DESCRIPTION OF THE TASK: Reproduce, please, the line that holds "Украйна потвърди нова" and all later lines through the end of the entries below, exactly; omit pictures.

========

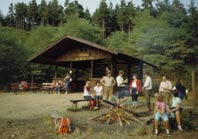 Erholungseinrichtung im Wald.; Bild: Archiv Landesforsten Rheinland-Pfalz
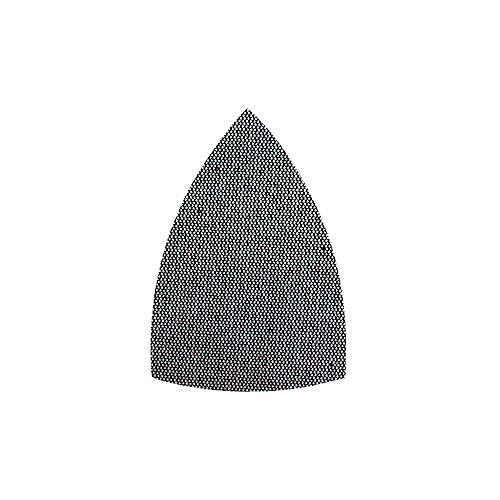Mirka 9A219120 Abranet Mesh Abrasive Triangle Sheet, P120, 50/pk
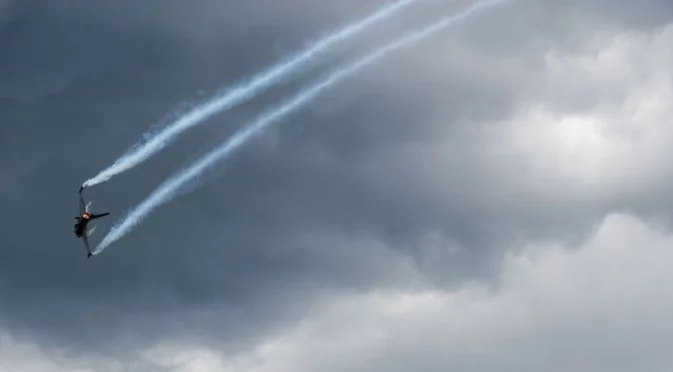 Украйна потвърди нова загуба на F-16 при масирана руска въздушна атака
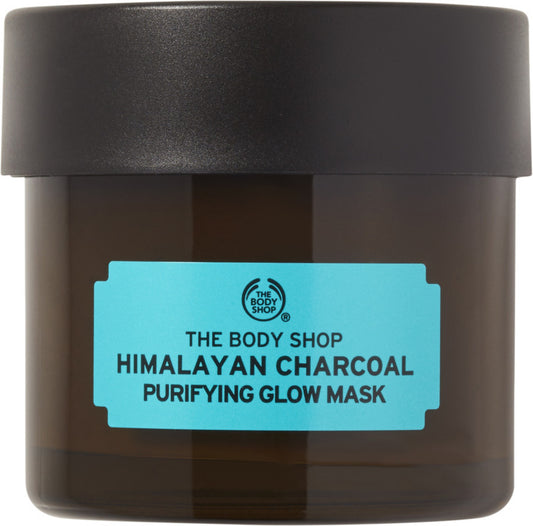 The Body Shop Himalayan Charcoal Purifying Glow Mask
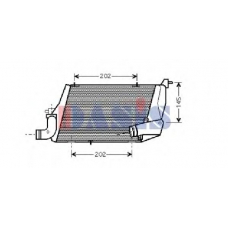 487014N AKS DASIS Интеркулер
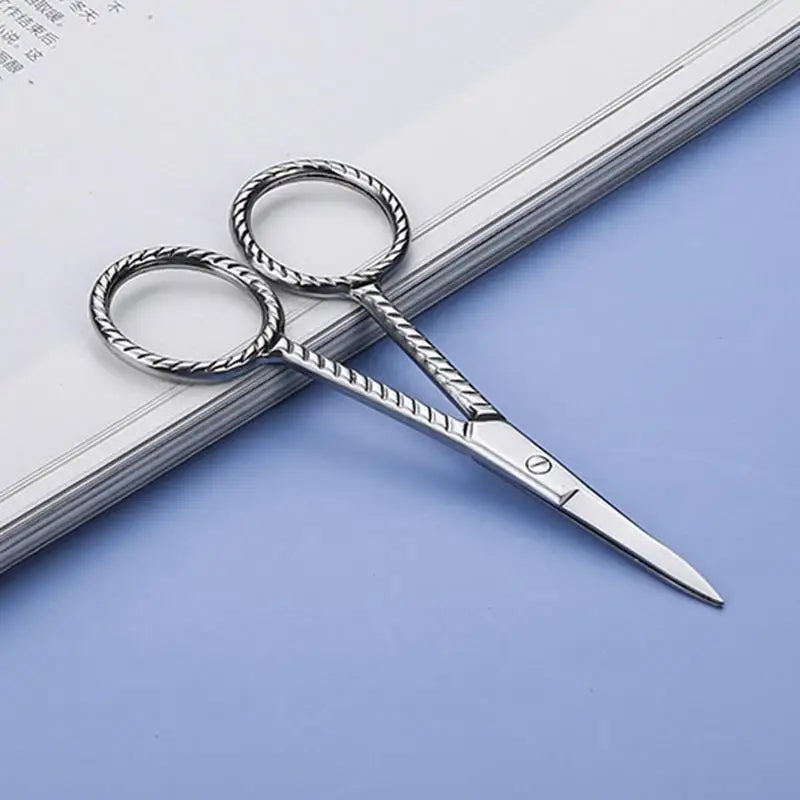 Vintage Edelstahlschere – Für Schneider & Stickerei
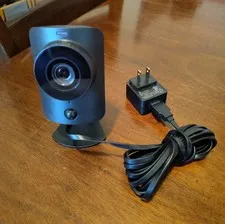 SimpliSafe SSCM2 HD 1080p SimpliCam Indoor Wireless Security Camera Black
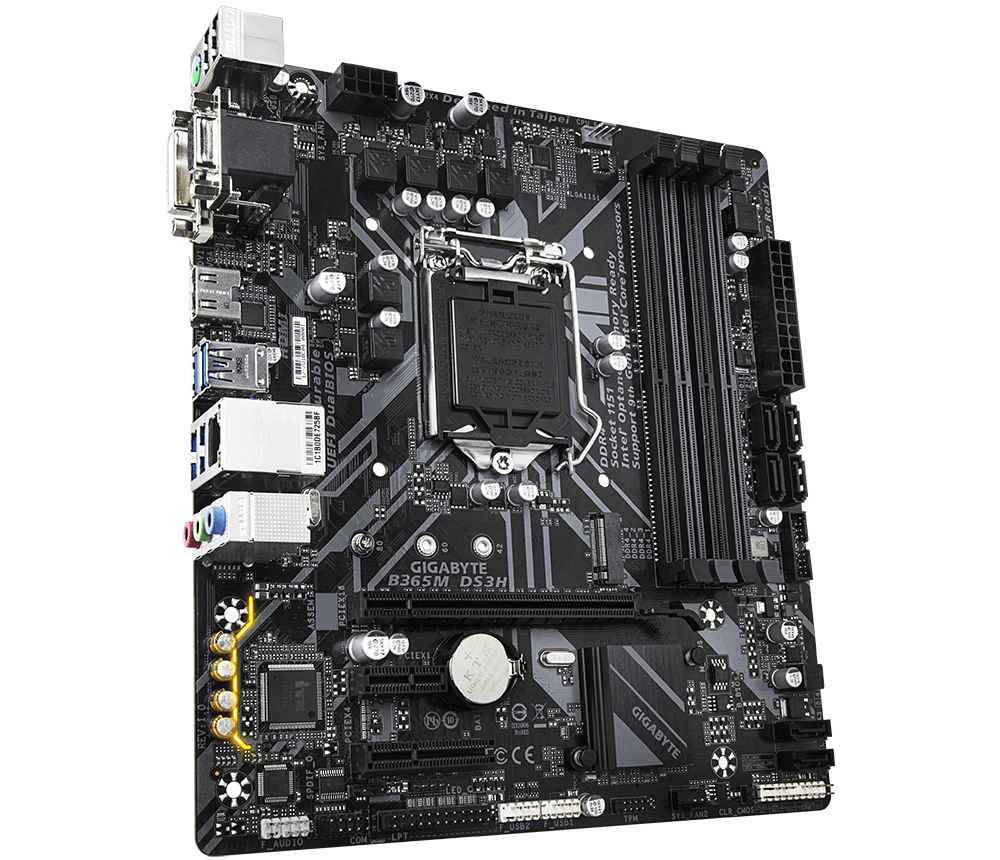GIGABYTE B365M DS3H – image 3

========

SOLVED PROBLEM:
 Украйна потвърди нова загуба на F-16 при масирана руска въздушна атака
 The Body Shop Himalayan Charcoal Purifying Glow Mask
 487014N AKS DASIS Интеркулер
 Vintage Edelstahlschere – Für Schneider & Stickerei
 SimpliSafe SSCM2 HD 1080p SimpliCam Indoor Wireless Security Camera Black
GIGABYTE B365M DS3H – image 3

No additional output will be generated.